§ **Work request**:
The listing is to be repeated exactly, and its pictures are to be left out.
═════ Provided data ═════
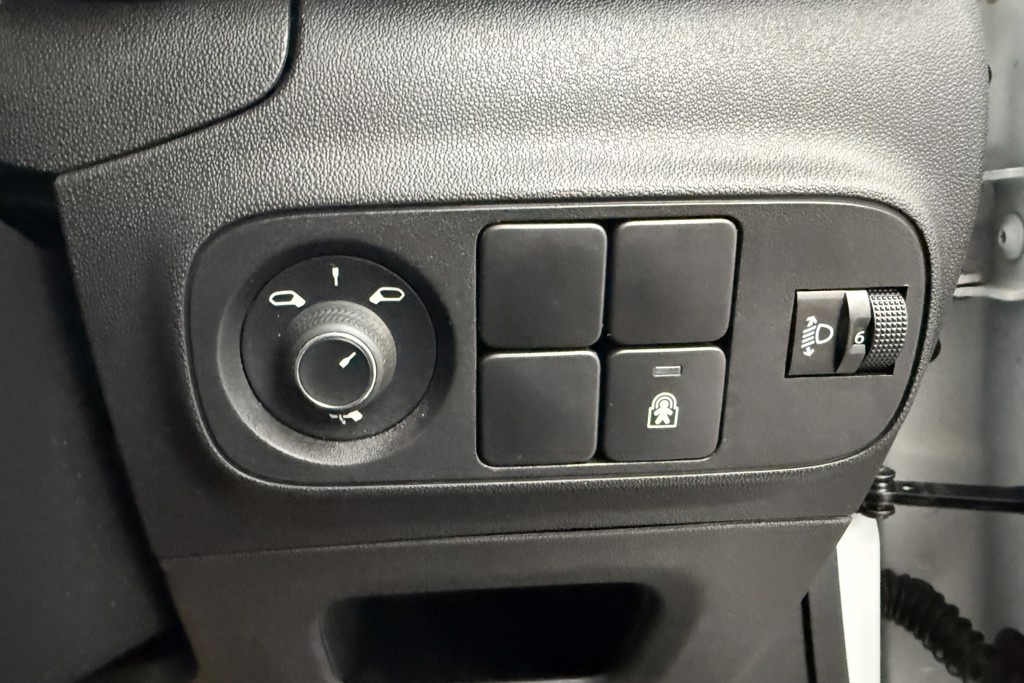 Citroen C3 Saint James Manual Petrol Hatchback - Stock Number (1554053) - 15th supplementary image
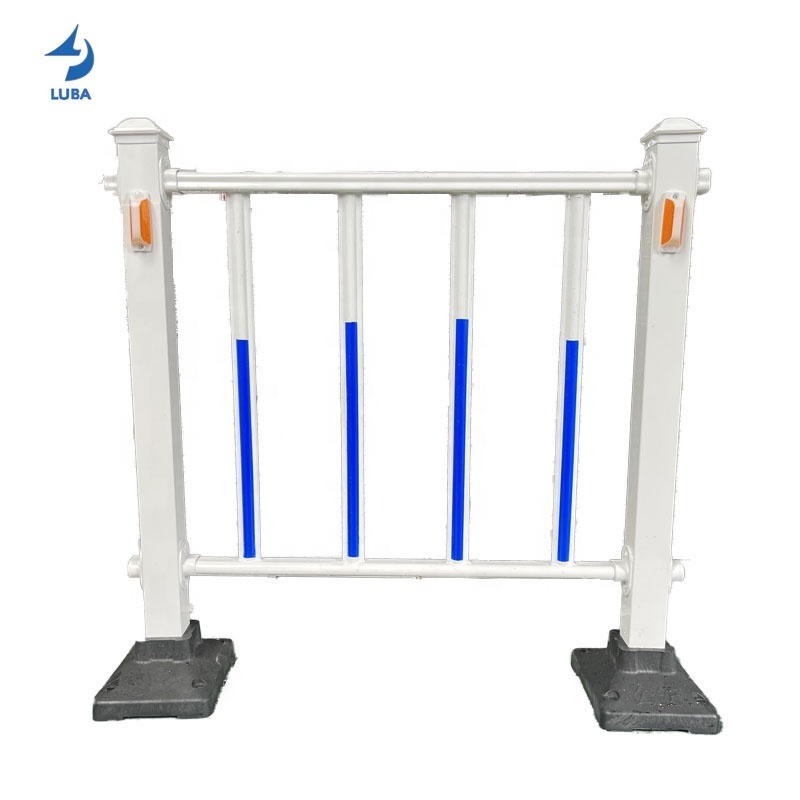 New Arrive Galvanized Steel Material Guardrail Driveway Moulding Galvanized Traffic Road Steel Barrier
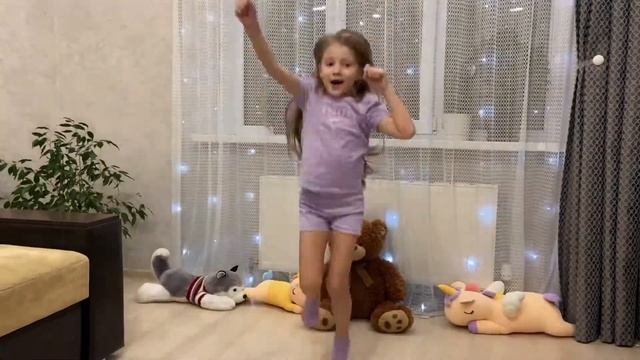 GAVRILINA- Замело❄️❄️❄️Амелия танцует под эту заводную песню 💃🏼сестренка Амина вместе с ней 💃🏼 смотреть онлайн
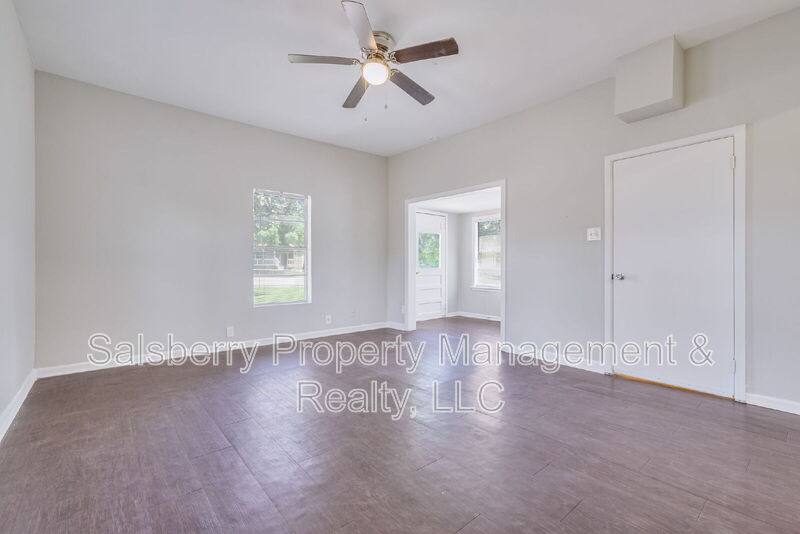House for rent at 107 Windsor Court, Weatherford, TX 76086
═════
§ **Solution for this exercise**:
 Citroen C3 Saint James Manual Petrol Hatchback - Stock Number (1554053) - 15th supplementary image
 New Arrive Galvanized Steel Material Guardrail Driveway Moulding Galvanized Traffic Road Steel Barrier
 GAVRILINA- Замело❄️❄️❄️Амелия танцует под эту заводную песню 💃🏼сестренка Амина вместе с ней 💃🏼 смотреть онлайн
House for rent at 107 Windsor Court, Weatherford, TX 76086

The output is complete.